Hmmm...sounds like I've offended a true-blue, hardcore Stooges fan!!--believe me, I love 'em too!

As for The Stooges being more avant-garde than The Doors, well, I simply can't hear that on the three legitimate studio releases. (No, I must confess that I haven't heard the reunion album or any of the bootlegs.) 'We Will Fall' on their debut and 'L.A. Blues' and the title track on Funhouse are the most avant-garde of the studio things I have in my collection.

Ironically--or oddly, the most avant-garde things The MC5 did sound like Doors experiments being performed by The Stooges! 'Starship' and 'Future/Now' immediately come to mind. Come to think of it, Nugent & The Amboy Dukes had similarly sounding moments circa Marriage on the Rocks/Rock Bottom. Maybe even Alice Cooper on some albums (those vocal-jazz moments hemmed in by garage rock).

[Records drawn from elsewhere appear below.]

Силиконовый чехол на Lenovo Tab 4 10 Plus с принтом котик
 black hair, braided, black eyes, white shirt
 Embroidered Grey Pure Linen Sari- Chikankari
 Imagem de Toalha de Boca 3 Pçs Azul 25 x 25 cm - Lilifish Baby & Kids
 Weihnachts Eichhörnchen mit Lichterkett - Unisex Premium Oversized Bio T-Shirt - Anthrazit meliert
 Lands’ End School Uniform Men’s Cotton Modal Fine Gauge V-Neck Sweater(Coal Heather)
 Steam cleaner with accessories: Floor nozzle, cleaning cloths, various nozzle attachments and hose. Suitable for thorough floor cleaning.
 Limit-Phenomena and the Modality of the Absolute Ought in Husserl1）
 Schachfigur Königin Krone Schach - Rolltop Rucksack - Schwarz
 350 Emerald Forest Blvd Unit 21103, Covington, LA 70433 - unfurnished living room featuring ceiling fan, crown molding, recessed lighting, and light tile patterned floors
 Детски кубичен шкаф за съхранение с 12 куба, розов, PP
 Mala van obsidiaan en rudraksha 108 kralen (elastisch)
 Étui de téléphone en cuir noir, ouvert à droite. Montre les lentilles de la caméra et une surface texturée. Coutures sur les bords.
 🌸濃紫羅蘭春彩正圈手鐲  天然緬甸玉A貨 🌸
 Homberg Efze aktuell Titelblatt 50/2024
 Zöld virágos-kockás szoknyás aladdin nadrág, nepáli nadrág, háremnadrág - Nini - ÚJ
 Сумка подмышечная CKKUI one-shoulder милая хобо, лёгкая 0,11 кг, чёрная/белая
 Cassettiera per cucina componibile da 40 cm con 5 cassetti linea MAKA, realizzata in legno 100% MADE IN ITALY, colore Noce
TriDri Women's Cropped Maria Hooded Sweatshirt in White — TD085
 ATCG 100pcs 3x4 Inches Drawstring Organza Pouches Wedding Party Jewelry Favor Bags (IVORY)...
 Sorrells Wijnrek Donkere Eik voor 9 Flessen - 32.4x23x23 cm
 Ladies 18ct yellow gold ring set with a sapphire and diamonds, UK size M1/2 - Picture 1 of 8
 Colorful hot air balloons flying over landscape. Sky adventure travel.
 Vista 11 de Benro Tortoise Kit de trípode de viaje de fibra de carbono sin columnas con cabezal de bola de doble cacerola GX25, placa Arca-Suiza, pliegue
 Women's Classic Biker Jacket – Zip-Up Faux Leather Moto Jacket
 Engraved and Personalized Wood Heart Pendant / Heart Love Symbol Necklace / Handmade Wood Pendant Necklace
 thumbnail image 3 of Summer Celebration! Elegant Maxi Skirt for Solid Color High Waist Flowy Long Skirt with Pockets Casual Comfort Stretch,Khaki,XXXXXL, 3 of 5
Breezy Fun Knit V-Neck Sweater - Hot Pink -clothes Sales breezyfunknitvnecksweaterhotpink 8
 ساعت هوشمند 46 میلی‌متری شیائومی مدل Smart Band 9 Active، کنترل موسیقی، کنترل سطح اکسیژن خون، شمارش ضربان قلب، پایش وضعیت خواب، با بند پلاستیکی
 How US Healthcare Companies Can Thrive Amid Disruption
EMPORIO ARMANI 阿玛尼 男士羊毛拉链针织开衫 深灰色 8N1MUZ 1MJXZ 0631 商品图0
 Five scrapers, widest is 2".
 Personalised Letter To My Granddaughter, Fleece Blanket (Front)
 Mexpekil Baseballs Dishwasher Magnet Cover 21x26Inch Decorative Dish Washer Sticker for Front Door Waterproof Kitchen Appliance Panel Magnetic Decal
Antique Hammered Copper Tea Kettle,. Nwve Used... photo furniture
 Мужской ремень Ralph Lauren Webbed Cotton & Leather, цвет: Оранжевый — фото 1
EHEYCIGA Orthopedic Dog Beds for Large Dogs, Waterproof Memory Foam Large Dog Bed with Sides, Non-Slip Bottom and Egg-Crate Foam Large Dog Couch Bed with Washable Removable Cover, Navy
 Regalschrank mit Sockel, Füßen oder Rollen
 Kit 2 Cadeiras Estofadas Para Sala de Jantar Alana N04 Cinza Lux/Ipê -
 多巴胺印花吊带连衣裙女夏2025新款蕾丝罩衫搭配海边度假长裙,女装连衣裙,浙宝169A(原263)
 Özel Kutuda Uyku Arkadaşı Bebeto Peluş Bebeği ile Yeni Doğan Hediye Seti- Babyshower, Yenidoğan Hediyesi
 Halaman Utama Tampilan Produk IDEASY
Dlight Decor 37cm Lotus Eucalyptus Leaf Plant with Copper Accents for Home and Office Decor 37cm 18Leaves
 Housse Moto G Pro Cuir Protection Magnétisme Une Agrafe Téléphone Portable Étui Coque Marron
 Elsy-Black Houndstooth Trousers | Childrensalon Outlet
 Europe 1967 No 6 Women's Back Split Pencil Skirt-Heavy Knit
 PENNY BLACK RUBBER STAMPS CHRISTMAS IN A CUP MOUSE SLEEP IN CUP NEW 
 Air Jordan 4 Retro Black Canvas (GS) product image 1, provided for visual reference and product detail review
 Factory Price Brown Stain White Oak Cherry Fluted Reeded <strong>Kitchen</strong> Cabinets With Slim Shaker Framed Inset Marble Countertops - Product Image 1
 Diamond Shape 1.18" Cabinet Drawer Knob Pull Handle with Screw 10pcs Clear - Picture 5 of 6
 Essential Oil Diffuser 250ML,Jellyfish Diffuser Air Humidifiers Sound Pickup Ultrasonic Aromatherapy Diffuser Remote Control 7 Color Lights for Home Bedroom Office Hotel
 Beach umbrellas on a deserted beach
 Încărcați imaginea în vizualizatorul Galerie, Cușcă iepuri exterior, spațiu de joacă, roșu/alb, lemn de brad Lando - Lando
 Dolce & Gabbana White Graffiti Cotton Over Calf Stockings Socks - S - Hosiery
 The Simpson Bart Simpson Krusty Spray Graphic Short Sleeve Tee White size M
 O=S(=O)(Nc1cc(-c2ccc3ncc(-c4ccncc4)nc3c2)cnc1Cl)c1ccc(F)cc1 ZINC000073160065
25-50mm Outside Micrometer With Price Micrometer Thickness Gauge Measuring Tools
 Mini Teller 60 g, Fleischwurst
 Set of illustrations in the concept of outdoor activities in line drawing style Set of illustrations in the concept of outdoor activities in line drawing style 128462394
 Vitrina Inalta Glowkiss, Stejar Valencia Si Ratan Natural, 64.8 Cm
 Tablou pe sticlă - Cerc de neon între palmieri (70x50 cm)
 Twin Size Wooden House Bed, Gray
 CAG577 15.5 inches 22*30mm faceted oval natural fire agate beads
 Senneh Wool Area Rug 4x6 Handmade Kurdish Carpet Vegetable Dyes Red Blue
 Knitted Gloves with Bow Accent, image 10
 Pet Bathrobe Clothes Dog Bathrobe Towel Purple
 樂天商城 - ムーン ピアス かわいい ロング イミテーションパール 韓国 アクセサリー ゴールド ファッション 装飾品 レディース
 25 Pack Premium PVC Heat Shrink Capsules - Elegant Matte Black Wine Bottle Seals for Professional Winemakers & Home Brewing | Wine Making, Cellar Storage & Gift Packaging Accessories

As for The Doors as proto-punk/new wave, I've long maintained that the first two albums and selected numbers off the subsequent albums predated Roxy Music as 'earliest examples of the New Music'. I mean, lift 'The Unknown Soldier' off Waiting For the Sun and shove it on U2's War--it would fit in perfectly! You can almost imagine Bono wailing towards the end, "The war is ooo-o-o-vvveerrrr...". When I listen to Joy Division, The Stranglers, Lene Lovich, The Cars, The Psychedelic Furs, Echo & The Bunnymen, U2, INXS, The Cult, Eat, etc., I hear The Doors all over the place. And Yes, I hear them in Sonic Youth, too--certainly lyrically, but also musically in stuff like 'The World Looks Red' (has 'L.A. Woman' intro), 'Expressway to Your Skull' ('The End'), 'Drunken Butterfly' ('Hello, I Love You'), etc. Punk-wise, 'Break On Through' has a nasty edge that probably only The Who could match circa its release as a single in December of '66.

But anyway, these are my takes on such matters--feel free to disagree....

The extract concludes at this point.